LHS is the second way to analyze the apriori algoritm. Let’s look at the results of the same three movies, but from LHS perspective.
## Harry potter
rules.HP<-apriori(data=trans1, parameter=list(supp=0.04,conf = 0.08),
appearance=list(default="rhs",lhs="Harry Potter and the Chamber of Secrets (2002)"), control=list(verbose=F))
# removing redundant rules
rules.HP <- rules.HP[!is.redundant(rules.HP)]
rules.HP.byconf<-sort(rules.HP, by="confidence", decreasing=TRUE)
inspect(head(rules.HP.byconf))
## lhs rhs support confidence coverage lift count
## [1] {Harry Potter and the Chamber of Secrets (2002)} => {Harry Potter and the Sorcerer's Stone (a.k.a. Harry Potter and the Philosopher's Stone) (2001)} 0.07221287 0.8100219 0.08914928 7.593633 9990
## [2] {Harry Potter and the Chamber of Secrets (2002)} => {Lord of the Rings: The Fellowship of the Ring, The (2001)} 0.07152616 0.8023190 0.08914928 3.203279 9895
## [3] {Harry Potter and the Chamber of Secrets (2002)} => {Lord of the Rings: The Two Towers, The (2002)} 0.06903955 0.7744263 0.08914928 3.416183 9551
## [4] {Harry Potter and the Chamber of Secrets (2002)} => {Matrix, The (1999)} 0.06783239 0.7608854 0.08914928 2.184940 9384
## [5] {Harry Potter and the Chamber of Secrets (2002)} => {Shrek (2001)} 0.06592406 0.7394794 0.08914928 3.516804 9120
## [6] {Harry Potter and the Chamber of Secrets (2002)} => {Lord of the Rings: The Return of the King, The (2003)} 0.06265677 0.7028298 0.08914928 3.329345 8668
rules.Nemo<-apriori(data=trans1, parameter=list(supp=0.1,conf = 0.7),
appearance=list(default="rhs",lhs="Finding Nemo (2003)"), control=list(verbose=F))

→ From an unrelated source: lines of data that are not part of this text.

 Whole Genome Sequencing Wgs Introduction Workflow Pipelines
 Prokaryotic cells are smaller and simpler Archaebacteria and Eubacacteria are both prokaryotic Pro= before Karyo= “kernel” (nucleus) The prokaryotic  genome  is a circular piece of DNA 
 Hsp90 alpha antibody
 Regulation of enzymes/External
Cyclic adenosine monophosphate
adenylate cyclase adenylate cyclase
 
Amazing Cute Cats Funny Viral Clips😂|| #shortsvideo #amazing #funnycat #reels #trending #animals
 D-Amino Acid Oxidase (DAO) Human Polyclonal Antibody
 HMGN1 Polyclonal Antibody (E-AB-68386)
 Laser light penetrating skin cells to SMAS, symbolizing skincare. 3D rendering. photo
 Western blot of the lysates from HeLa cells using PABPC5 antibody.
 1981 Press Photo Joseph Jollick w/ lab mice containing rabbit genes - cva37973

# removing redundant rules
rules.Nemo <- rules.Nemo[!is.redundant(rules.Nemo)]
rules.Nemo.byconf<-sort(rules.Nemo, by="confidence", decreasing=TRUE)

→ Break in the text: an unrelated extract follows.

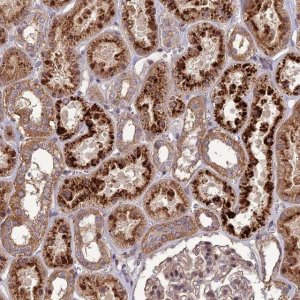 Anti-TICAM1 antibody produced in rabbit 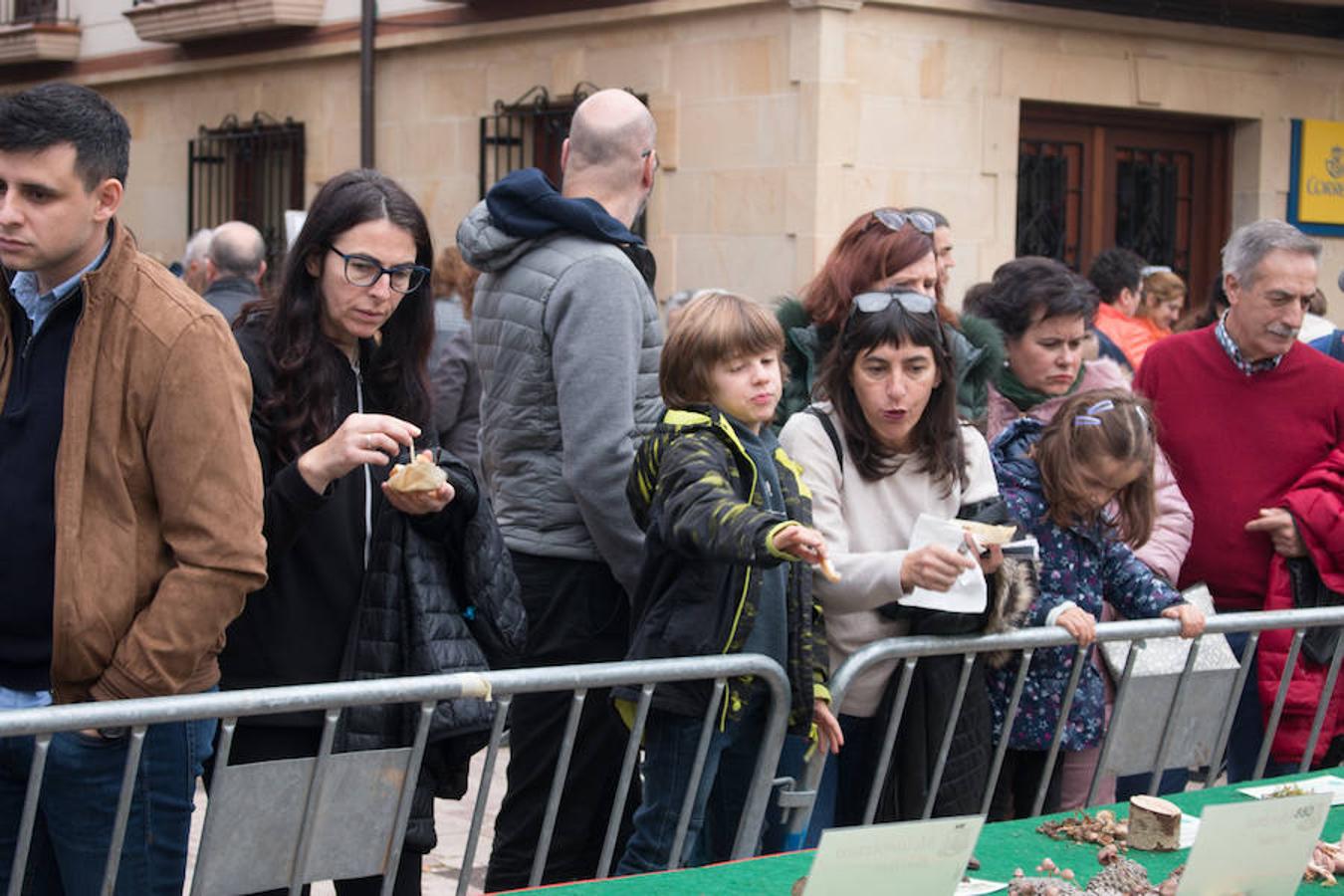 Imágenes de las XXVII Jornadas Micológicas, organizadas por la asociación Amigos de Ezcaray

inspect(head(rules.Nemo.byconf))
## lhs rhs support confidence coverage lift count
## [1] {Finding Nemo (2003)} => {Matrix, The (1999)} 0.1175212 0.7482855 0.1570539 2.148758 16258
## [2] {Finding Nemo (2003)} => {Shrek (2001)} 0.1158008 0.7373314 0.1570539 3.506589 16020
## [3] {Finding Nemo (2003)} => {Lord of the Rings: The Fellowship of the Ring, The (2001)} 0.1138853 0.7251346 0.1570539 2.895118 15755
## [4] {Finding Nemo (2003)} => {Forrest Gump (1994)} 0.1112468 0.7083353 0.1570539 1.598379 15390
## [5] {Finding Nemo (2003)} => {Lord of the Rings: The Two Towers, The (2002)} 0.1107481 0.7051595 0.1570539 3.110630 15321
## Harry potter
rules.knight<-apriori(data=trans1, parameter=list(supp=0.04,conf = 0.08),
appearance=list(default="rhs",lhs="Dark Knight, The (2008)"), control=list(verbose=F))
# removing redundant rules
rules.knight <- rules.knight[!is.redundant(rules.knight)]
rules.knight.byconf<-sort(rules.knight, by="confidence", decreasing=TRUE)
inspect(head(rules.knight.byconf))
## lhs rhs support confidence coverage lift count
## [1] {Dark Knight, The (2008)} => {Matrix, The (1999)} 0.10260154 0.7292063 0.140703 2.093971 14194
## [2] {Dark Knight, The (2008)} => {Fight Club (1999)} 0.09956557 0.7076291 0.140703 2.590614 13774
## [3] {Dark Knight, The (2008)} => {Shawshank Redemption, The (1994)} 0.09456343 0.6720781 0.140703 1.498355 13082
## [4] {Dark Knight, The (2008)} => {Lord of the Rings: The Fellowship of the Ring, The (2001)} 0.08913482 0.6334960 0.140703 2.529249 12331
## [5] {Dark Knight, The (2008)} => {Lord of the Rings: The Return of the King, The (2003)} 0.08700964 0.6183920 0.140703 2.929358 12037
## [6] {Dark Knight, The (2008)} => {Pulp Fiction (1994)} 0.08690844 0.6176727 0.140703 1.363809 12023
Another way of analyzing association rule is to look for significant rules according to Fisher’s exact test. Let’s see what are the significant rules which have the highest confidence rule:
significant <- is.significant(rules.HP, trans1)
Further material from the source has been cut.